Take from the records below each line that holds "Multi".

BEGIN Data

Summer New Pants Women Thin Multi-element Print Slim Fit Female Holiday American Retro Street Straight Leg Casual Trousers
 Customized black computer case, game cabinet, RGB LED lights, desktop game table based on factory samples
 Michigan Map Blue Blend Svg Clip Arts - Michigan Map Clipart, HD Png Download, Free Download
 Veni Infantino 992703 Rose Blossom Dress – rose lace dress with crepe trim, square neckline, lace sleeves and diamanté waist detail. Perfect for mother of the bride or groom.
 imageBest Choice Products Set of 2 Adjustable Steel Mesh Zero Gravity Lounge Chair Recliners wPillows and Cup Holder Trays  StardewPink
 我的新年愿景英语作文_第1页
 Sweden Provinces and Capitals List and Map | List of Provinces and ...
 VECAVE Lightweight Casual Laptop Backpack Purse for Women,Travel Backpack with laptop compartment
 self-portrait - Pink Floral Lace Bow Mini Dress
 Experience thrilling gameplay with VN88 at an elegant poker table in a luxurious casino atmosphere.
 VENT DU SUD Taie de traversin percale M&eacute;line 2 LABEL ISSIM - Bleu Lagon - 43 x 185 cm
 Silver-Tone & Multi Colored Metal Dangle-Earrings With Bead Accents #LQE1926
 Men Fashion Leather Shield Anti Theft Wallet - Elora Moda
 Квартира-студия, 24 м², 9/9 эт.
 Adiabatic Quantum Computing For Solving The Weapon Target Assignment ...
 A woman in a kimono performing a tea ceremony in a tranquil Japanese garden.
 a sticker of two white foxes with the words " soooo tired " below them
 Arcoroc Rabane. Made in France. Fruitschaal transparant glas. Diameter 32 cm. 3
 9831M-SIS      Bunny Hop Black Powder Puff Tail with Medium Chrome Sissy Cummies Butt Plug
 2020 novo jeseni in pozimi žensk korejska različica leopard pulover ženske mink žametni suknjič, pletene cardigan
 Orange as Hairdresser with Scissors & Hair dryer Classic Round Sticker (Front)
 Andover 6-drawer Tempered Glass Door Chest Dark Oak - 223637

END Data

Output for this exercise =>
Summer New Pants Women Thin Multi-element Print Slim Fit Female Holiday American Retro Street Straight Leg Casual Trousers
 Silver-Tone & Multi Colored Metal Dangle-Earrings With Bead Accents #LQE1926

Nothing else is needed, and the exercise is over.